Please reproduce exactly, and only, the lines from the one with "COACH RELOJ ELLIOT" through the last line of the listing below, both ends included, leaving out the pictures.

-------

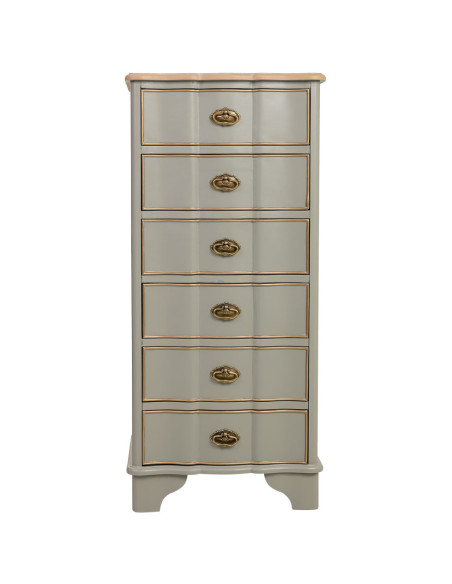 Chiffonnier vert sauge 6 tiroirs en bois 50x35x110 cm Narelora  - 2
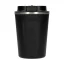 Termo vaso reutilizable negro Asobu Cafe Compact con capacidad de 380 ml, ideal para viajar.
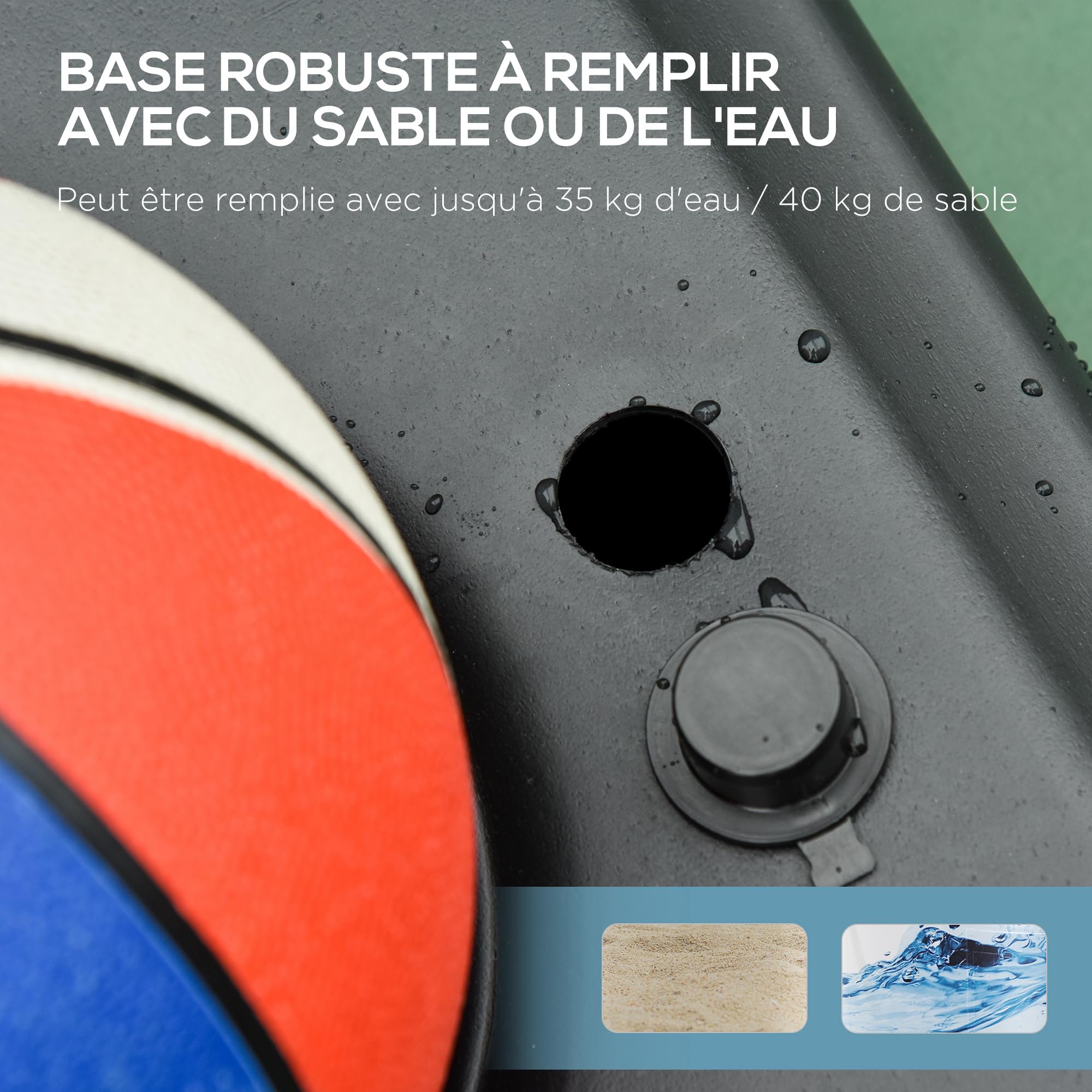 HOMCOM Panier de Basket extérieur avec Poteau Panneau, Base de lestage sur roulettes Hauteur réglable 2,1-2,6 m (Panier)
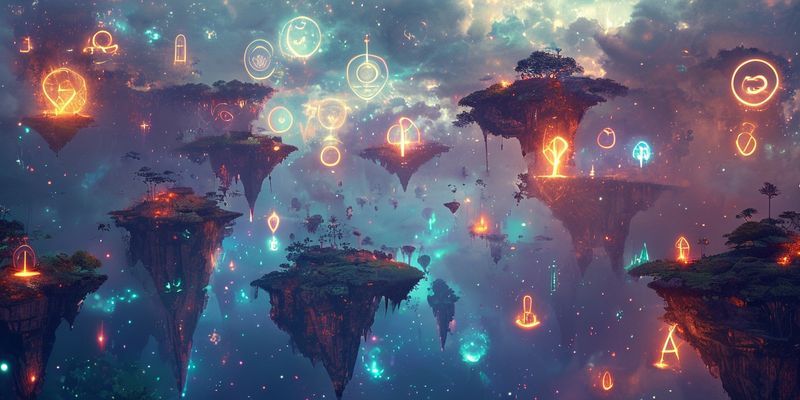 Gizemli rüya manzarası, yüzen adalar ve parlayan semboller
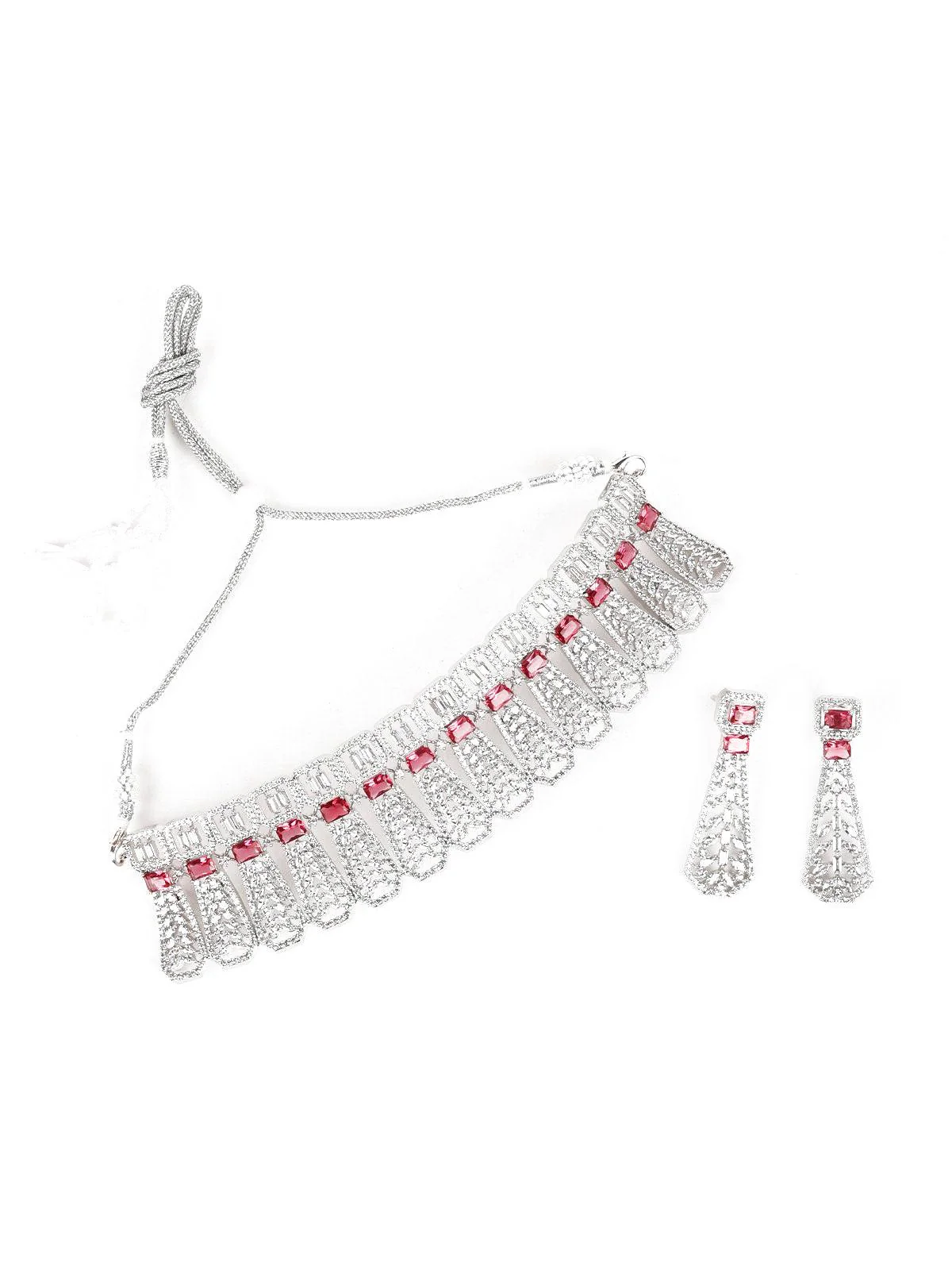 Odette Women Silver Pearls Necklace Set. - Image 3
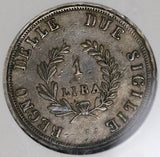1813 NGC XF 40 Naples Sicily Murat Napoleon 1 Lira French Occupation Silver Coin (22012801C)
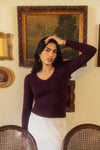 Burgundy V-neck long sleeve top
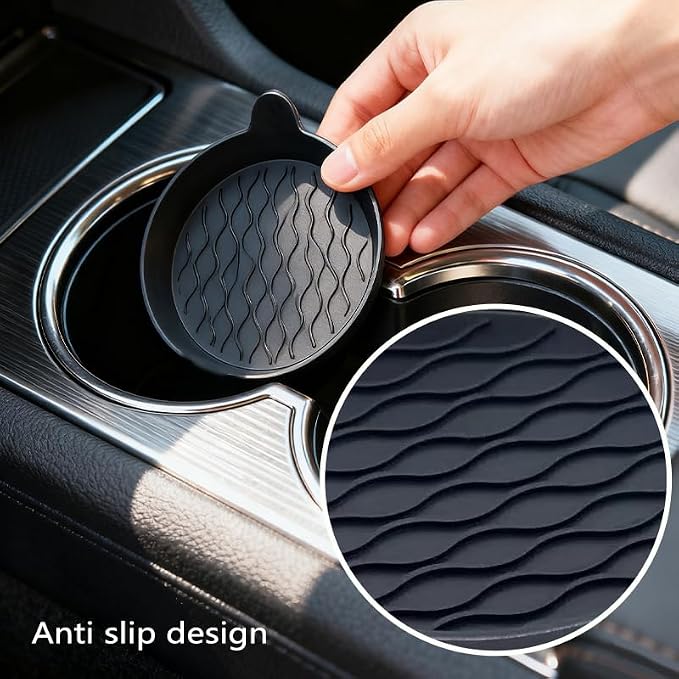 DandyChic Car Cup Holder Coaster, Cup Holder Lined with Anti Slip Silicone Coaster, Car Universal Interior Accessories, 4-Pack，Black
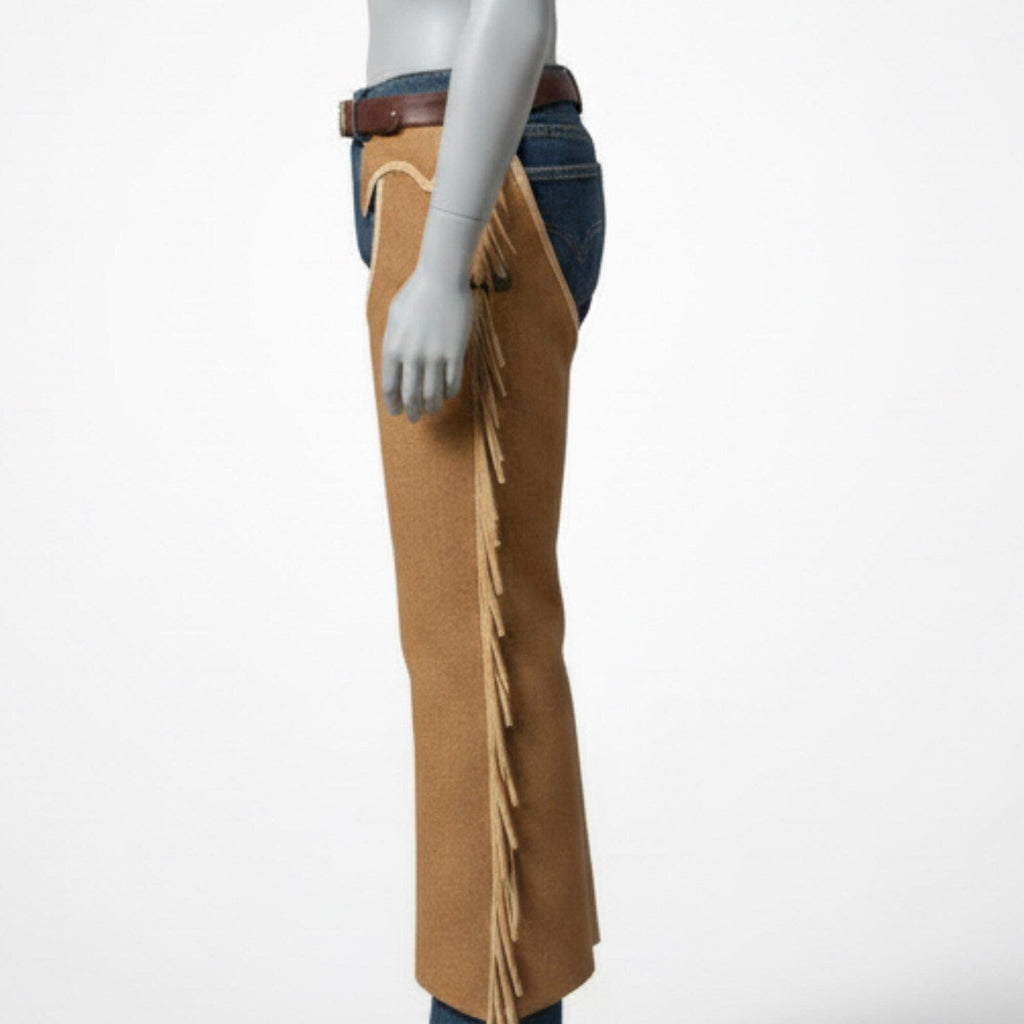 Handmade Tan Suede Leather Chaps, Western Cowboy Fringe Leggings for Men's Rodeo Gear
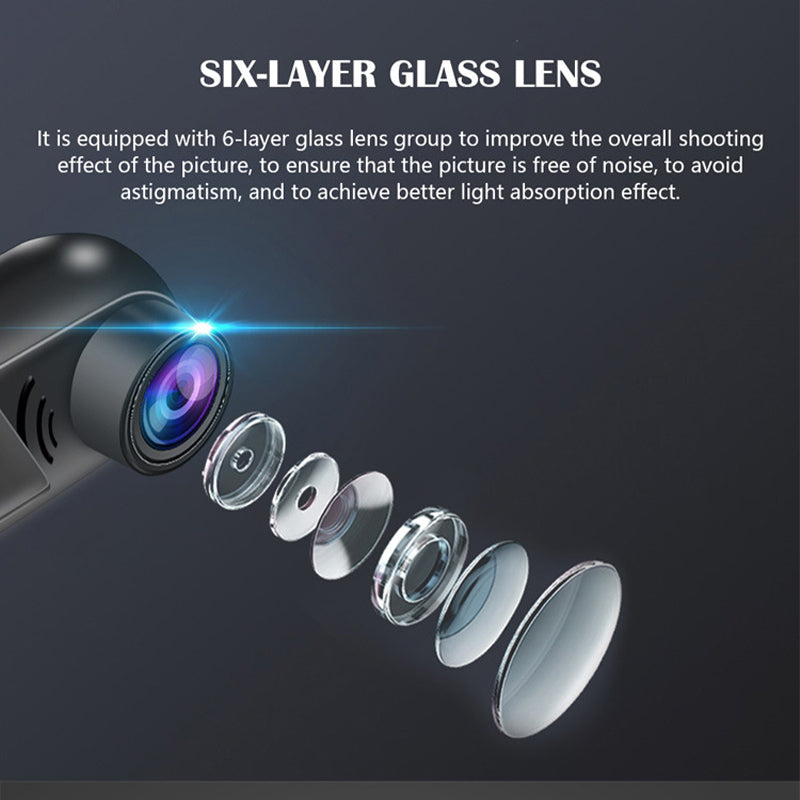 1080P HD Mini ADAS Dashcam with 360° Rotating Function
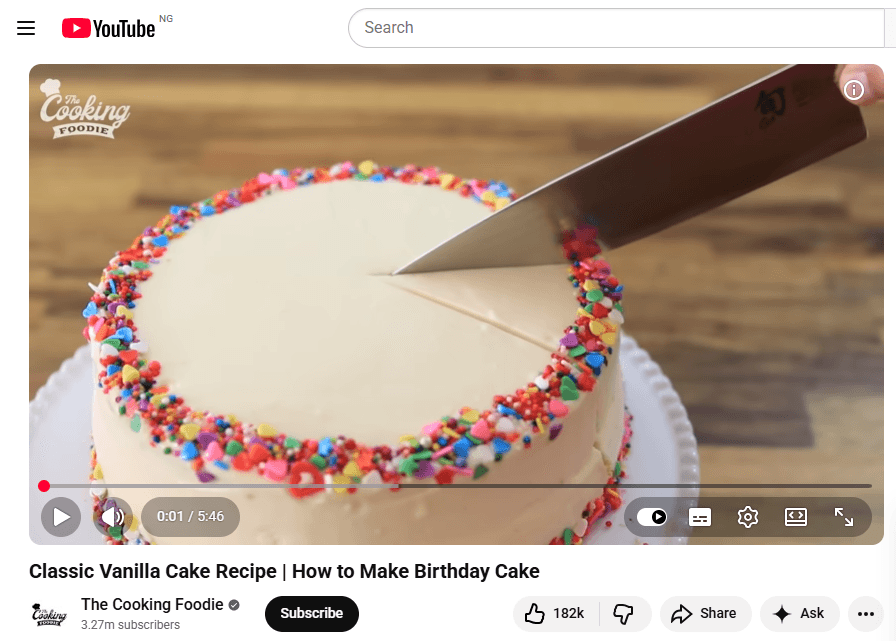 Select the YouTube Video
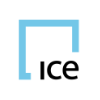 ICE logo with blue square outline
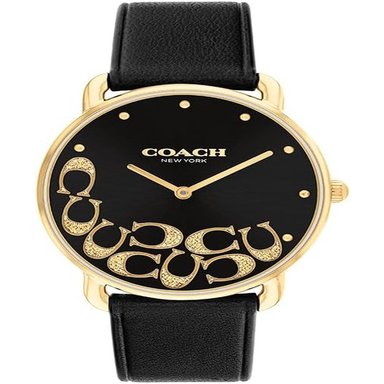 COACH RELOJ ELLIOT DISEÑO ELEGANTE CON SCATTER C'S ESTILO ATEMPORAL RESISTENTE AL AGUA 36MM | ORO - NEGRO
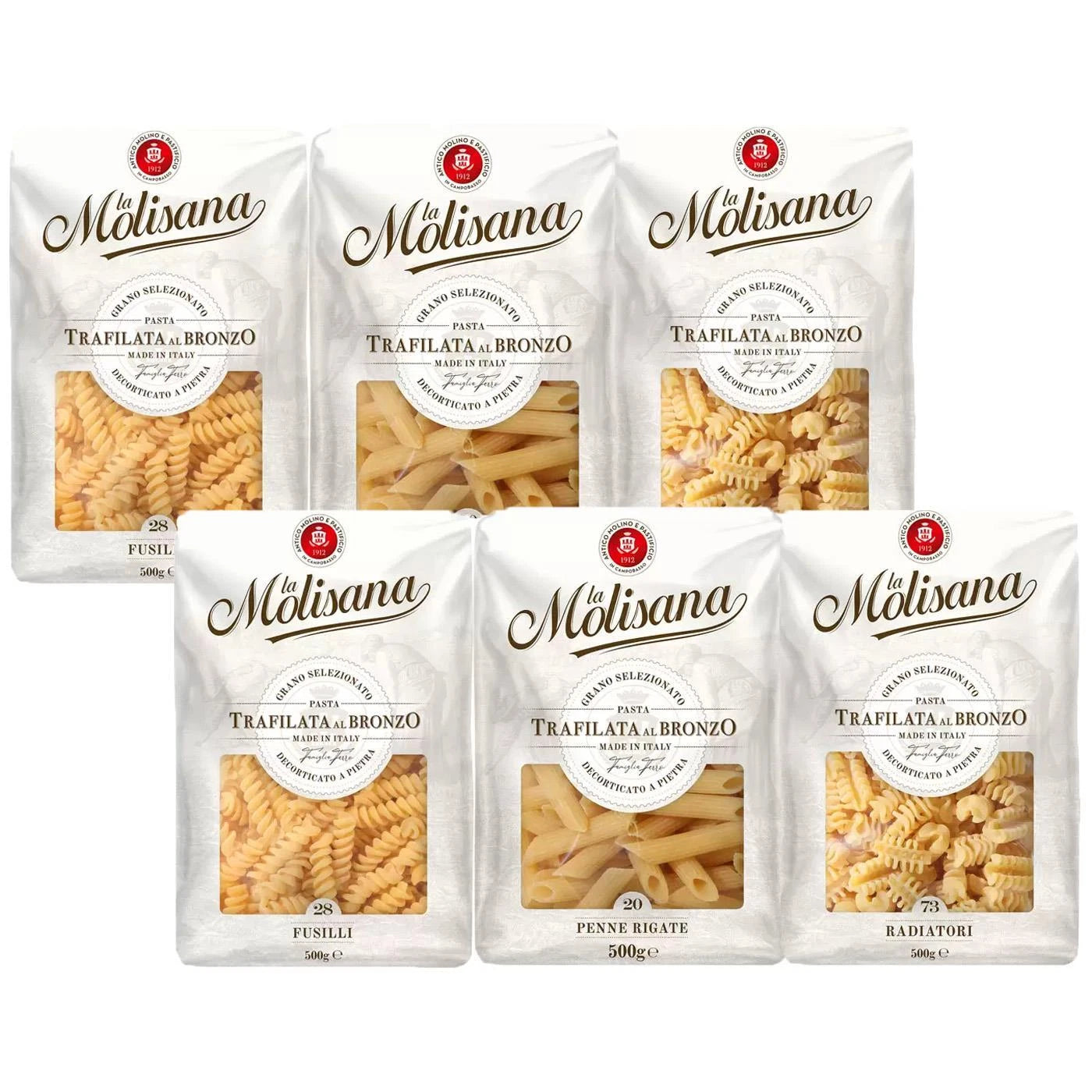 Front image: La Molisana pasta variety pack fusilli penne radiatori 6 x 500g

-------

-- The completed task --
 COACH RELOJ ELLIOT DISEÑO ELEGANTE CON SCATTER C'S ESTILO ATEMPORAL RESISTENTE AL AGUA 36MM | ORO - NEGRO
 Front image: La Molisana pasta variety pack fusilli penne radiatori 6 x 500g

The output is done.